* **MATERIAL TO PROCESS**:
::::

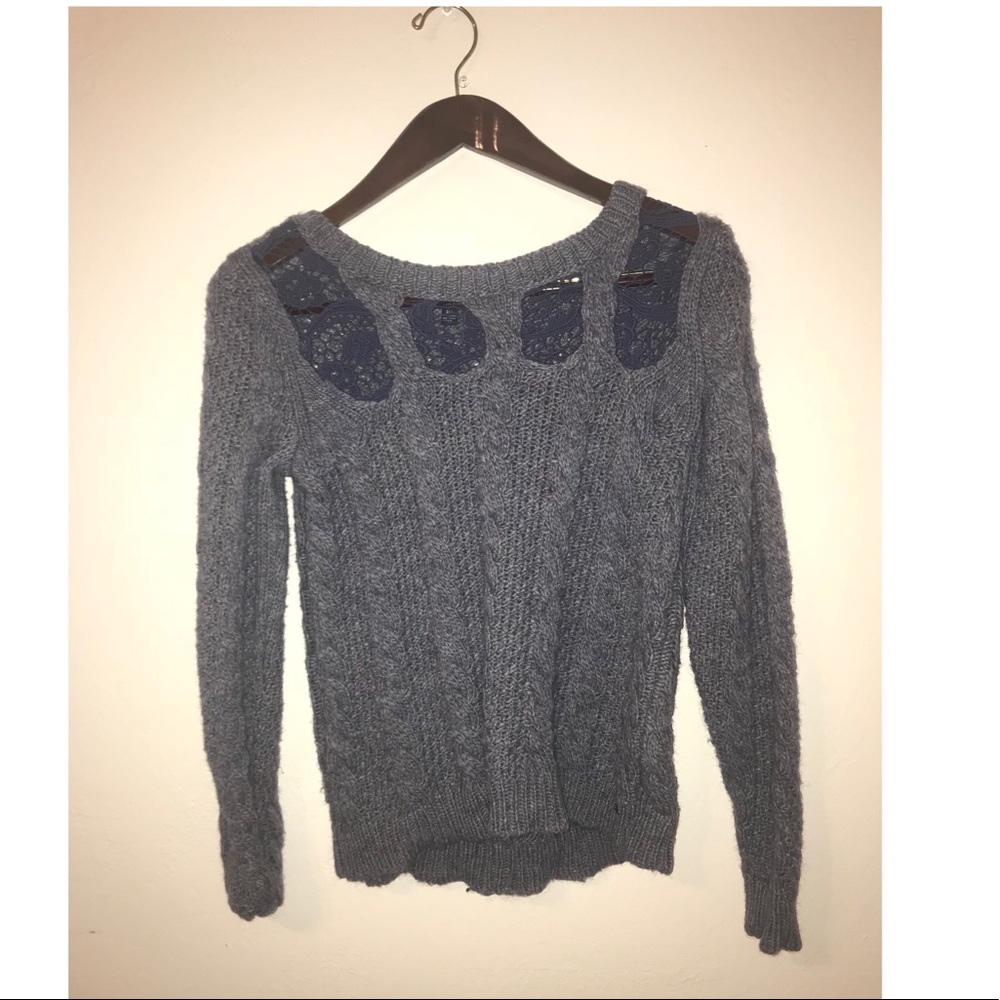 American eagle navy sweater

::::

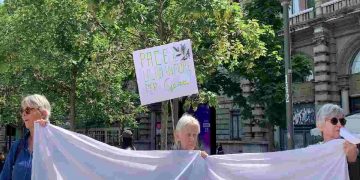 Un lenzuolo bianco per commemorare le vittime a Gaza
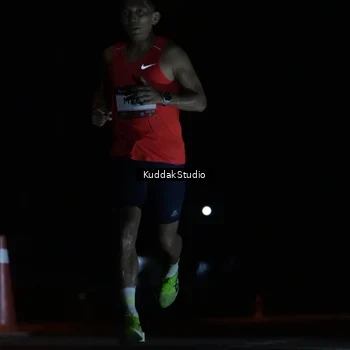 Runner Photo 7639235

::::

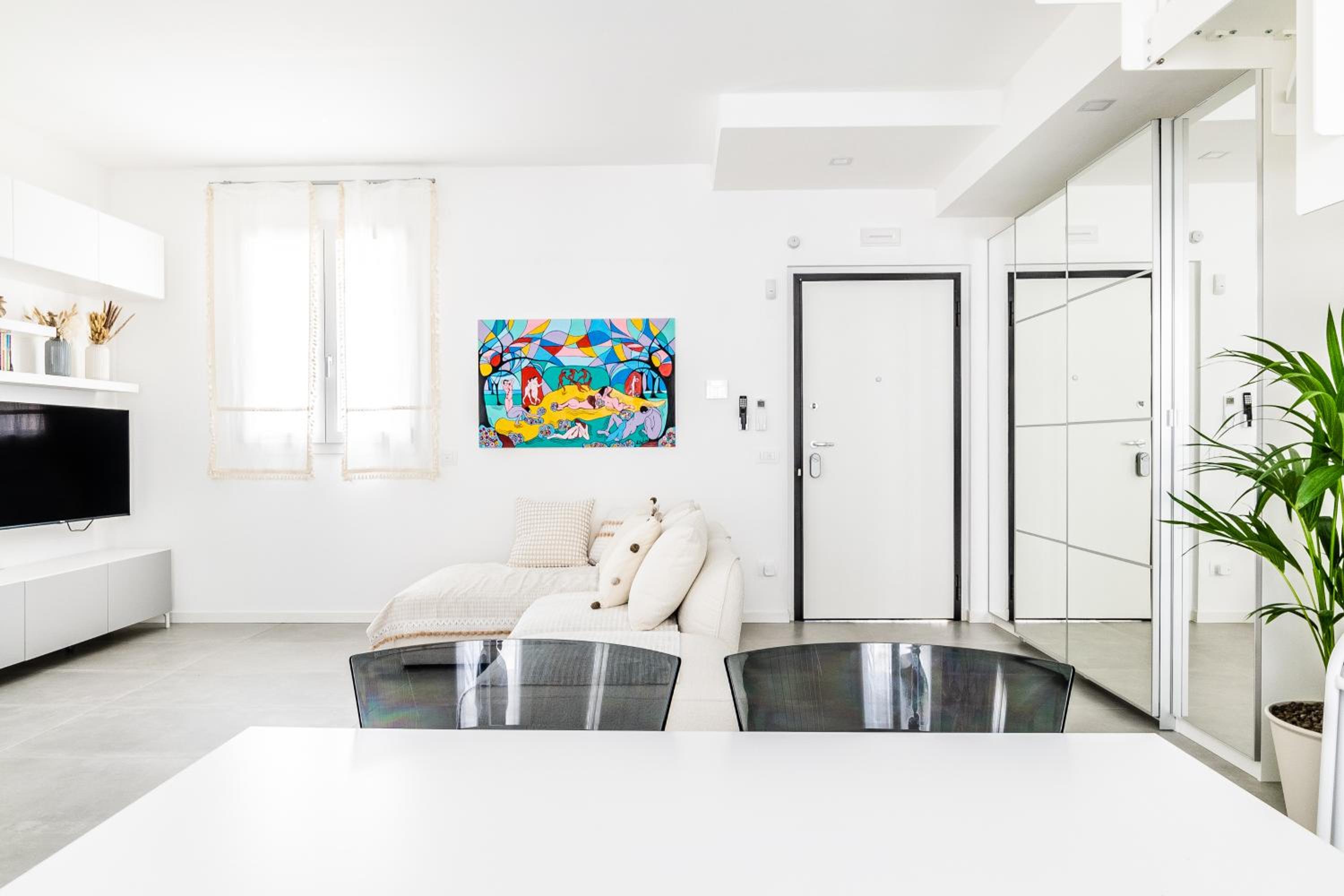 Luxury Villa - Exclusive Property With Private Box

::::

* **ACTIVITY**: Now transcribe the lines above exactly, starting at the line containing "Un lenzuolo bianco" and ending at the line containing "Runner Photo 7639235", both lines included, pictures excluded.

* **SOLUTION**:
 Un lenzuolo bianco per commemorare le vittime a Gaza
 Runner Photo 7639235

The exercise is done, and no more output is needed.